NV30/r300: swap buffers by blit from float buffer?

imported_jwatte · September 13, 2002, 2:00pm

I understand that I can’t actually render out from a floating point frame buffer. Thus, I have to, in the end, render into a frame buffer that’s traditional 888(8) format.

However, if I want double-buffering (or triple-) it seems weird to me that I’d need to first convert to 8888, and then to copy that converted data to the front buffer, assuming I’m using block transfers for swapping (which I am, because I also use GDI child windows even in full screen mode).

Is there a way to request that my floating point surface be used as a blit source when time comes to blit to the front surface, and only keep the front surface in 8888 format? I can see how to do this if I don’t want to sync with vertical retrace, but it would be useful to also be able to do this while syncing, to avoid tearing in the cases where you care.

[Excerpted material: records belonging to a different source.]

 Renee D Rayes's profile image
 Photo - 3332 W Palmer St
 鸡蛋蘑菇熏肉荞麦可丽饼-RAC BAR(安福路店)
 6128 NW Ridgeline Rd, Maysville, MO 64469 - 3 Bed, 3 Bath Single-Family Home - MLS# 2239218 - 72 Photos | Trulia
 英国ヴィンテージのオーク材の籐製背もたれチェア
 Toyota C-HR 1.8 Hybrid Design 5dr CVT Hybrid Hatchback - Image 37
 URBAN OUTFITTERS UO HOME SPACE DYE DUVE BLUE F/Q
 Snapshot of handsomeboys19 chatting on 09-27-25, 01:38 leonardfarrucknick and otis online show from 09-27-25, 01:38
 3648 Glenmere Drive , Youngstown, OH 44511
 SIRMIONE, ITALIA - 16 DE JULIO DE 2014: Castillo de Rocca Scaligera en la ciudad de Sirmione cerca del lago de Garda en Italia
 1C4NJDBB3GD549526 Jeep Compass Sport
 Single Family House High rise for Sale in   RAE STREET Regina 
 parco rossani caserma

Nakoruru · September 13, 2002, 8:59pm

If you are willing to copy the float to the front buffer in order to SwapBuffers, then why not just request an SWAP_METHOD_EXCHANGE pixel format and blit tot he backbuffer then do a page flip? It would cost the same (except memory).

Otherwise, if you are willing to deal with tearing, why not just require a single buffered window to save memory, and then ‘blit’ the float to the front buffer.

All you really need is a way to wait for vsync, but if you do that then you are going to slow down your program a lot. Not because you are waiting for vsync necessarily, but because you can queue up commands while the GPU asyncronously waits for the swapbuffers.

It would be nice to be able to request floating point RENDER_TO_WINDOW buffers, but I’ve never seen a pixel format with a different number of bits than the display also have the RENDER_TO_WINDOW bit set, even though it should be possible. Maybe its a limitation of Microsoft’s ICD mechanism.

imported_jwatte · September 14, 2002, 8:20am

Thanks for your suggestions, although as I already stated in my post, I cannot use flip, because I have GDI child windows of my OpenGL top-level window (and also often run in windowed mode). I also already stated I don’t want to do an asynchronous blit to the front buffer because of tearing.

It seems to me it should be perfectly possible for the driver to arrange things so that the float->int conversion happens during the swapbuffers blit, as long as I promise not to use that specific float buffer again before the blit has taken place (or the driver can just stall me until the buffer is free again).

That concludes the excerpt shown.